[Web page caption snippets]
• • • • •
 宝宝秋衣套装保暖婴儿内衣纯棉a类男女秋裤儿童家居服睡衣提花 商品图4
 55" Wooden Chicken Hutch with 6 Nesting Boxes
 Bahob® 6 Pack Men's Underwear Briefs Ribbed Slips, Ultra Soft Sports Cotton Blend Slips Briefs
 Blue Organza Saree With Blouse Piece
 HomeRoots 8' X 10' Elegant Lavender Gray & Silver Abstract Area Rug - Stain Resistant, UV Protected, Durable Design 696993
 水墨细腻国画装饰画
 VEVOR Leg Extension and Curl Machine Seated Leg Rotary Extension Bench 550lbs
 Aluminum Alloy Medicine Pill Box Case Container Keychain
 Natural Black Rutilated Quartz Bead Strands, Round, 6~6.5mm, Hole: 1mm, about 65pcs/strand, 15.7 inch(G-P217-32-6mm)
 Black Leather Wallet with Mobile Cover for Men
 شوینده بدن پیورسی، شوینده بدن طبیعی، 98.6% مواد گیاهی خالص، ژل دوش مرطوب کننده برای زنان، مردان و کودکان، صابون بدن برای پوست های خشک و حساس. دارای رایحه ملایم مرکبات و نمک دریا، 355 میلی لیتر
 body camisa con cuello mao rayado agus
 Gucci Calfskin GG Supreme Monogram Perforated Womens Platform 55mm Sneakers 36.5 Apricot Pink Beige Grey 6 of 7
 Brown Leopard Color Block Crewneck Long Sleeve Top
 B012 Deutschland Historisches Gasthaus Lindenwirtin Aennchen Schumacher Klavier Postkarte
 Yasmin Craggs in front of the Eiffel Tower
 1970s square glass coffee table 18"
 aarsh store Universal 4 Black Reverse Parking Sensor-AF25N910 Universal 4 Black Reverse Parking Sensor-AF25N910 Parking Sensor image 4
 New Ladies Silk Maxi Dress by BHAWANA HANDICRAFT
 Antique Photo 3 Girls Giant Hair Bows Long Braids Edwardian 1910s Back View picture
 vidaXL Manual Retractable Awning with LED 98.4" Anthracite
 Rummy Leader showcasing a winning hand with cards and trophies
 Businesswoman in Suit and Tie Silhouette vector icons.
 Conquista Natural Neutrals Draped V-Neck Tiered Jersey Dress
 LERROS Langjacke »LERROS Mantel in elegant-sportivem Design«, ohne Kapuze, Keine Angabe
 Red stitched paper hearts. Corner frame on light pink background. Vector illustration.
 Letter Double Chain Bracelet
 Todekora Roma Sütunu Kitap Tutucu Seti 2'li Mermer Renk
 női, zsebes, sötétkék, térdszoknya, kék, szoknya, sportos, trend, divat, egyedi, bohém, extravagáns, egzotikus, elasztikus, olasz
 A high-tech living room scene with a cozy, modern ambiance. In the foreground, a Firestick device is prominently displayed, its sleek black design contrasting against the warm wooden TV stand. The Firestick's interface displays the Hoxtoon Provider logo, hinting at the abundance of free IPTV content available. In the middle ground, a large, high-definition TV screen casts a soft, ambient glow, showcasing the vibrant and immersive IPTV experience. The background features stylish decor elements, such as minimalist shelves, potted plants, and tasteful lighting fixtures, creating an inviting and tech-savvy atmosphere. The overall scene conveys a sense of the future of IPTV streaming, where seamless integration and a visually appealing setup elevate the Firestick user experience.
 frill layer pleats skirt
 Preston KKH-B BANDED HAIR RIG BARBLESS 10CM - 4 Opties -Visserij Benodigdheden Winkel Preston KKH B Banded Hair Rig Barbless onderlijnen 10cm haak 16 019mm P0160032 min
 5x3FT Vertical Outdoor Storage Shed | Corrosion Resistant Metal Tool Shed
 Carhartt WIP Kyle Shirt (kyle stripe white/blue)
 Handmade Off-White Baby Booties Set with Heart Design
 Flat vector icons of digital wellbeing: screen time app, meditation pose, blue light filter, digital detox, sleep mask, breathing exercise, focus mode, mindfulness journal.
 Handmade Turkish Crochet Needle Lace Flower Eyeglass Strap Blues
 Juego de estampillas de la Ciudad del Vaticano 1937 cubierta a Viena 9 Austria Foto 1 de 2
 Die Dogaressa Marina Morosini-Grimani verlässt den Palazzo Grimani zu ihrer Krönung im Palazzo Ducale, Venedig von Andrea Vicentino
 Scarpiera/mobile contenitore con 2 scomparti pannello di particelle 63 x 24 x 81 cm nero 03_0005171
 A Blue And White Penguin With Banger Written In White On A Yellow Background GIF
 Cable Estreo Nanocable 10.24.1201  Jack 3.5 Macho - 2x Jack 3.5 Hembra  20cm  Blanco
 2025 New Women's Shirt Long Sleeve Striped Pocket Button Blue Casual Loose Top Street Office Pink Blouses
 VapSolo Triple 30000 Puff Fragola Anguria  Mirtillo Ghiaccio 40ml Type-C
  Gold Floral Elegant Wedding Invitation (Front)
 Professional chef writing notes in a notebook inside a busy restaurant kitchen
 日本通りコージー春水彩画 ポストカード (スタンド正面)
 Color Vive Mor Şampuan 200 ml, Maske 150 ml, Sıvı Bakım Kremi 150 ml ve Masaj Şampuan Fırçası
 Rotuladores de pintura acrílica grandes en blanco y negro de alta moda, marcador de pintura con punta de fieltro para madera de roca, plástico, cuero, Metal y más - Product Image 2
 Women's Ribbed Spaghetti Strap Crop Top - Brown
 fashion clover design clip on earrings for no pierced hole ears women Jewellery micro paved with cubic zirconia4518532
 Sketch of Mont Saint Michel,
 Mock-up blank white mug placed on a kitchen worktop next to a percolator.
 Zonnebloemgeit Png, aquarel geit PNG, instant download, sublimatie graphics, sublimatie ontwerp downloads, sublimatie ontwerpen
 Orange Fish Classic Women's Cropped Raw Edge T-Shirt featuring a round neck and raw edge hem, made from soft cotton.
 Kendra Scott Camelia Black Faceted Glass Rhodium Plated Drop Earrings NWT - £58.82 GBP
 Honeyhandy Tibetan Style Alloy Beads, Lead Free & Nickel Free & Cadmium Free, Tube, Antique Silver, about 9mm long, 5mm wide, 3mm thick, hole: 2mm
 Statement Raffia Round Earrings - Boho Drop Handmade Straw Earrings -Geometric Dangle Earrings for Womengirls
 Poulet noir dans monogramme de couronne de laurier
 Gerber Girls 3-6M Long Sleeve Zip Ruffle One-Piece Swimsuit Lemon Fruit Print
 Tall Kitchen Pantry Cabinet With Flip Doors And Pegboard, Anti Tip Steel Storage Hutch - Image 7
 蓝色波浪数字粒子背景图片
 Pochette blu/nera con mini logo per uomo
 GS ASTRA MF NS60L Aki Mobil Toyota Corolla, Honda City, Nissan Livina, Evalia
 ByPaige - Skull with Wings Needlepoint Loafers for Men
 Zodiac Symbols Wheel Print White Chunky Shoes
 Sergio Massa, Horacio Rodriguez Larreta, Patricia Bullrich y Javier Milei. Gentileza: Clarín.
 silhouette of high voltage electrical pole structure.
• • • • •
_What the exercise asks_
Reproduce every line above. Keep it exact.

_Reply to the task_
 宝宝秋衣套装保暖婴儿内衣纯棉a类男女秋裤儿童家居服睡衣提花 商品图4
 55" Wooden Chicken Hutch with 6 Nesting Boxes
 Bahob® 6 Pack Men's Underwear Briefs Ribbed Slips, Ultra Soft Sports Cotton Blend Slips Briefs
 Blue Organza Saree With Blouse Piece
 HomeRoots 8' X 10' Elegant Lavender Gray & Silver Abstract Area Rug - Stain Resistant, UV Protected, Durable Design 696993
 水墨细腻国画装饰画
 VEVOR Leg Extension and Curl Machine Seated Leg Rotary Extension Bench 550lbs
 Aluminum Alloy Medicine Pill Box Case Container Keychain
 Natural Black Rutilated Quartz Bead Strands, Round, 6~6.5mm, Hole: 1mm, about 65pcs/strand, 15.7 inch(G-P217-32-6mm)
 Black Leather Wallet with Mobile Cover for Men
 شوینده بدن پیورسی، شوینده بدن طبیعی، 98.6% مواد گیاهی خالص، ژل دوش مرطوب کننده برای زنان، مردان و کودکان، صابون بدن برای پوست های خشک و حساس. دارای رایحه ملایم مرکبات و نمک دریا، 355 میلی لیتر
 body camisa con cuello mao rayado agus
 Gucci Calfskin GG Supreme Monogram Perforated Womens Platform 55mm Sneakers 36.5 Apricot Pink Beige Grey 6 of 7
 Brown Leopard Color Block Crewneck Long Sleeve Top
 B012 Deutschland Historisches Gasthaus Lindenwirtin Aennchen Schumacher Klavier Postkarte
 Yasmin Craggs in front of the Eiffel Tower
 1970s square glass coffee table 18"
 aarsh store Universal 4 Black Reverse Parking Sensor-AF25N910 Universal 4 Black Reverse Parking Sensor-AF25N910 Parking Sensor image 4
 New Ladies Silk Maxi Dress by BHAWANA HANDICRAFT
 Antique Photo 3 Girls Giant Hair Bows Long Braids Edwardian 1910s Back View picture
 vidaXL Manual Retractable Awning with LED 98.4" Anthracite
 Rummy Leader showcasing a winning hand with cards and trophies
 Businesswoman in Suit and Tie Silhouette vector icons.
 Conquista Natural Neutrals Draped V-Neck Tiered Jersey Dress
 LERROS Langjacke »LERROS Mantel in elegant-sportivem Design«, ohne Kapuze, Keine Angabe
 Red stitched paper hearts. Corner frame on light pink background. Vector illustration.
 Letter Double Chain Bracelet
 Todekora Roma Sütunu Kitap Tutucu Seti 2'li Mermer Renk
 női, zsebes, sötétkék, térdszoknya, kék, szoknya, sportos, trend, divat, egyedi, bohém, extravagáns, egzotikus, elasztikus, olasz
 A high-tech living room scene with a cozy, modern ambiance. In the foreground, a Firestick device is prominently displayed, its sleek black design contrasting against the warm wooden TV stand. The Firestick's interface displays the Hoxtoon Provider logo, hinting at the abundance of free IPTV content available. In the middle ground, a large, high-definition TV screen casts a soft, ambient glow, showcasing the vibrant and immersive IPTV experience. The background features stylish decor elements, such as minimalist shelves, potted plants, and tasteful lighting fixtures, creating an inviting and tech-savvy atmosphere. The overall scene conveys a sense of the future of IPTV streaming, where seamless integration and a visually appealing setup elevate the Firestick user experience.
 frill layer pleats skirt
 Preston KKH-B BANDED HAIR RIG BARBLESS 10CM - 4 Opties -Visserij Benodigdheden Winkel Preston KKH B Banded Hair Rig Barbless onderlijnen 10cm haak 16 019mm P0160032 min
 5x3FT Vertical Outdoor Storage Shed | Corrosion Resistant Metal Tool Shed
 Carhartt WIP Kyle Shirt (kyle stripe white/blue)
 Handmade Off-White Baby Booties Set with Heart Design
 Flat vector icons of digital wellbeing: screen time app, meditation pose, blue light filter, digital detox, sleep mask, breathing exercise, focus mode, mindfulness journal.
 Handmade Turkish Crochet Needle Lace Flower Eyeglass Strap Blues
 Juego de estampillas de la Ciudad del Vaticano 1937 cubierta a Viena 9 Austria Foto 1 de 2
 Die Dogaressa Marina Morosini-Grimani verlässt den Palazzo Grimani zu ihrer Krönung im Palazzo Ducale, Venedig von Andrea Vicentino
 Scarpiera/mobile contenitore con 2 scomparti pannello di particelle 63 x 24 x 81 cm nero 03_0005171
 A Blue And White Penguin With Banger Written In White On A Yellow Background GIF
 Cable Estreo Nanocable 10.24.1201  Jack 3.5 Macho - 2x Jack 3.5 Hembra  20cm  Blanco
 2025 New Women's Shirt Long Sleeve Striped Pocket Button Blue Casual Loose Top Street Office Pink Blouses
 VapSolo Triple 30000 Puff Fragola Anguria  Mirtillo Ghiaccio 40ml Type-C
  Gold Floral Elegant Wedding Invitation (Front)
 Professional chef writing notes in a notebook inside a busy restaurant kitchen
 日本通りコージー春水彩画 ポストカード (スタンド正面)
 Color Vive Mor Şampuan 200 ml, Maske 150 ml, Sıvı Bakım Kremi 150 ml ve Masaj Şampuan Fırçası
 Rotuladores de pintura acrílica grandes en blanco y negro de alta moda, marcador de pintura con punta de fieltro para madera de roca, plástico, cuero, Metal y más - Product Image 2
 Women's Ribbed Spaghetti Strap Crop Top - Brown
 fashion clover design clip on earrings for no pierced hole ears women Jewellery micro paved with cubic zirconia4518532
 Sketch of Mont Saint Michel,
 Mock-up blank white mug placed on a kitchen worktop next to a percolator.
 Zonnebloemgeit Png, aquarel geit PNG, instant download, sublimatie graphics, sublimatie ontwerp downloads, sublimatie ontwerpen
 Orange Fish Classic Women's Cropped Raw Edge T-Shirt featuring a round neck and raw edge hem, made from soft cotton.
 Kendra Scott Camelia Black Faceted Glass Rhodium Plated Drop Earrings NWT - £58.82 GBP
 Honeyhandy Tibetan Style Alloy Beads, Lead Free & Nickel Free & Cadmium Free, Tube, Antique Silver, about 9mm long, 5mm wide, 3mm thick, hole: 2mm
 Statement Raffia Round Earrings - Boho Drop Handmade Straw Earrings -Geometric Dangle Earrings for Womengirls
 Poulet noir dans monogramme de couronne de laurier
 Gerber Girls 3-6M Long Sleeve Zip Ruffle One-Piece Swimsuit Lemon Fruit Print
 Tall Kitchen Pantry Cabinet With Flip Doors And Pegboard, Anti Tip Steel Storage Hutch - Image 7
 蓝色波浪数字粒子背景图片
 Pochette blu/nera con mini logo per uomo
 GS ASTRA MF NS60L Aki Mobil Toyota Corolla, Honda City, Nissan Livina, Evalia
 ByPaige - Skull with Wings Needlepoint Loafers for Men
 Zodiac Symbols Wheel Print White Chunky Shoes
 Sergio Massa, Horacio Rodriguez Larreta, Patricia Bullrich y Javier Milei. Gentileza: Clarín.
 silhouette of high voltage electrical pole structure.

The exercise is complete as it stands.